Aujourd'hui, nous allons parler d'un schéma qui m'a pris vraiment beaucoup de temps à comprendre1.
Cela fait environ 13 années que je fais des recherches pour comprendre et mesurer l’impact environnemental des villes et des territoires. Au fur et à mesure, j’ai appris à mesurer les flux de ressources et de polluants des villes ainsi que les stocks matériels des villes (le bâti).
Puis petit à petit, à force de lire le travail d’autres chercheurs et chercheuses; j’ai compris que juste mesurer les flux et les stocks des villes ne suffit pas pour résoudre nos enjeux socio-écologiques (vous allez me dire que c’est évident, mais j’étais un ingénieur naïf).
Pour approfondir mes connaissances et sortir de ma myopie ingénieur, j'ai interviewé plus de 115 chercheur.euses sur le podcast Circular Metabolism.
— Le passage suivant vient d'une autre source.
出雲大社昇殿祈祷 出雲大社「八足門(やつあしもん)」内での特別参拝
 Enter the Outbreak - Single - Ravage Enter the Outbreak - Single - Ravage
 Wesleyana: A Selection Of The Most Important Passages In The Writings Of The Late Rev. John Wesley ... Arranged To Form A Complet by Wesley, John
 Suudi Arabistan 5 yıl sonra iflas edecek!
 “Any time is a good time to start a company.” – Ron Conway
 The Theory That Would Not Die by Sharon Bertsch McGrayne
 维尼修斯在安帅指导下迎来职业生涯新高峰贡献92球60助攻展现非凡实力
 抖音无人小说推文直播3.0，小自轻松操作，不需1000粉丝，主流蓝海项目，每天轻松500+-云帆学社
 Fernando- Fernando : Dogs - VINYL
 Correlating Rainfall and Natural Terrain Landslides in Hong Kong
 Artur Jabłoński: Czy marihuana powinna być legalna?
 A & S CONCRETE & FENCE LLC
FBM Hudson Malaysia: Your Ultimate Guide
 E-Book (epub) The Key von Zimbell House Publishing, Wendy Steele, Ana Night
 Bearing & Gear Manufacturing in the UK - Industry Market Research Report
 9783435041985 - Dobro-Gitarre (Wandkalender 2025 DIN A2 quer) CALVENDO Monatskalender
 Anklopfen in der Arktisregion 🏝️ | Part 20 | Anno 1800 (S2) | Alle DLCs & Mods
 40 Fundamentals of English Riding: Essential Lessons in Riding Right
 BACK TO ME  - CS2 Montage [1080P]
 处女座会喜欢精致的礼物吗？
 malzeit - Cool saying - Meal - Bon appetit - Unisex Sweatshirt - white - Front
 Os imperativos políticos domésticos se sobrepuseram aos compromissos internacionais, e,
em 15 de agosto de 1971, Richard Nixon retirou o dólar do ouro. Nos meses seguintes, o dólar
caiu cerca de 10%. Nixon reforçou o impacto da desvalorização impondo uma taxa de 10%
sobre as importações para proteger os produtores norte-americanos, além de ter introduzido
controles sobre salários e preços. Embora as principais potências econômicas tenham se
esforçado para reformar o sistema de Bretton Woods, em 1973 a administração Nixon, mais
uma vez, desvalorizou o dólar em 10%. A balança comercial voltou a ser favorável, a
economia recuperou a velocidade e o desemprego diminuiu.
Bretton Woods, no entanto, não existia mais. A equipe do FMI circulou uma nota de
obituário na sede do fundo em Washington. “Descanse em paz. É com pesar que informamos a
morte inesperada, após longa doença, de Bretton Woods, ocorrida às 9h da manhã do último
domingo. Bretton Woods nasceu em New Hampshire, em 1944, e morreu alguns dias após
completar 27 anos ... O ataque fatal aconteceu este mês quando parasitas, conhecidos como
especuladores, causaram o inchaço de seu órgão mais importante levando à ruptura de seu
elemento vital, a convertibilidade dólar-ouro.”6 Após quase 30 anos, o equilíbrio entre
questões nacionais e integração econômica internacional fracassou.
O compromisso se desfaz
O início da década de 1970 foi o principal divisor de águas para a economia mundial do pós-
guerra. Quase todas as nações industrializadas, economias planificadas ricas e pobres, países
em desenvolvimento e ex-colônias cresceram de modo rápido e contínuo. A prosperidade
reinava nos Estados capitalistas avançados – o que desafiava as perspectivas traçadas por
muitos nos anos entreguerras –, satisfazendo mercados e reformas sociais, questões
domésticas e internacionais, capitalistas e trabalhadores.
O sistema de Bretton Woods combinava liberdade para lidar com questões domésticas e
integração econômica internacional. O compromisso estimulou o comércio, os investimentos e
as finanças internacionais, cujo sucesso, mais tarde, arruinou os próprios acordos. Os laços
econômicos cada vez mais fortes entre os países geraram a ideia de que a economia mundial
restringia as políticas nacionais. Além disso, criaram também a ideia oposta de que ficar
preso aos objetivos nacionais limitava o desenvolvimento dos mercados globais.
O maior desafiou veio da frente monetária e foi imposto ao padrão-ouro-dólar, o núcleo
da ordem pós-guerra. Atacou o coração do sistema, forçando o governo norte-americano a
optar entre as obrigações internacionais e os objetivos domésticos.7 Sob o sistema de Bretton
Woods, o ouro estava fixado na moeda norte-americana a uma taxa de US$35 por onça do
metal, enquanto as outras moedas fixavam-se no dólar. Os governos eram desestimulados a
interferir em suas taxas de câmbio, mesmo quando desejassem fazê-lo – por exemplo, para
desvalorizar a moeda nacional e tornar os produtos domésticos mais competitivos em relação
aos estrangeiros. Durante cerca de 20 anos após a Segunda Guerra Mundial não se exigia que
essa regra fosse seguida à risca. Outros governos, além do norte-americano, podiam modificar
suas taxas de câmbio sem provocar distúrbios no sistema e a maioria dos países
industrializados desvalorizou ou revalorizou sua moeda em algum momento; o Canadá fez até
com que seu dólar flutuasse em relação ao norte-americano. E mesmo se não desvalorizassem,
Toutes ces lectures, ces rencontres, ces discussions avec des chercheur.euses, pourraient se synthétiser dans un schéma que vous pouvez voir sur la vidéo ci-dessous et que nous allons décortiquer ensemble.
En quelques mots, ce schéma présente des flux (F), des infrastructures ou stocks (I) et des besoins (B), ainsi que des flèches bi-directionnelles entre ces parties.
Lisons ce schéma de gauche à droite.
Flux <=> Infrastructures
Nous voyons que pour construire des stocks ou des infrastructures nous avons besoin de flux. Pour construire une centrale à charbon nous avons besoin de béton et d’acier. Mais une fois construites ces infrastructures nous font consommer des flux, elles sont les facilitateurs de flux.
Ici nous avons décrit les deux flèches reliant les flux et les infrastructures. A ce stade il serait important de parler de dimensionnement d’infrastructures et de verrouillage.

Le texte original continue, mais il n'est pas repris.